*TASK PROMPT*
Retype the listing found below exactly, but leave out each picture.

-------- DATASET EXCERPT

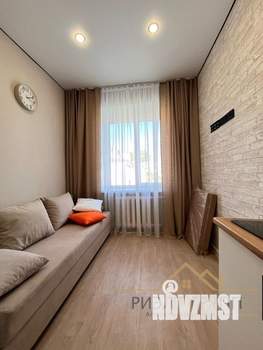 Студия квартира, вторичка, 12м2, 4/5 этаж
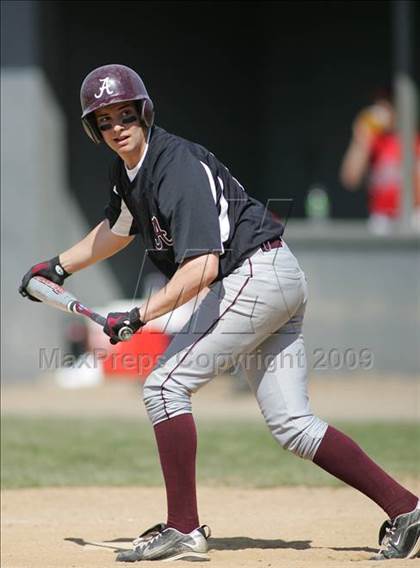 Thumbnail 2 in Byram Hills vs. Albertus Magnus (Billy Kayser Tourney) photogallery.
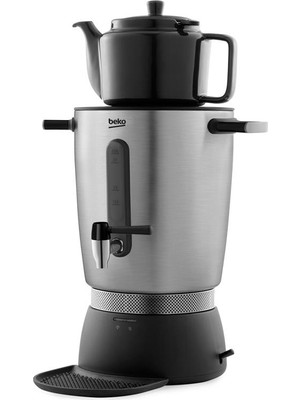 Beko Se 8035 I Porselen Demlikli Semaver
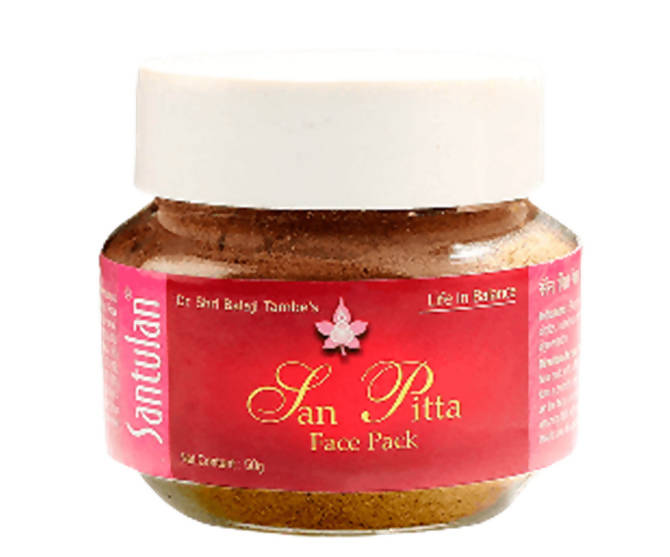 Santulan Ayurveda San Pitta Face Pack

----------------

*OUTPUT OF THE TASK*
 Студия квартира, вторичка, 12м2, 4/5 этаж
 Thumbnail 2 in Byram Hills vs. Albertus Magnus (Billy Kayser Tourney) photogallery.
 Beko Se 8035 I Porselen Demlikli Semaver
 Santulan Ayurveda San Pitta Face Pack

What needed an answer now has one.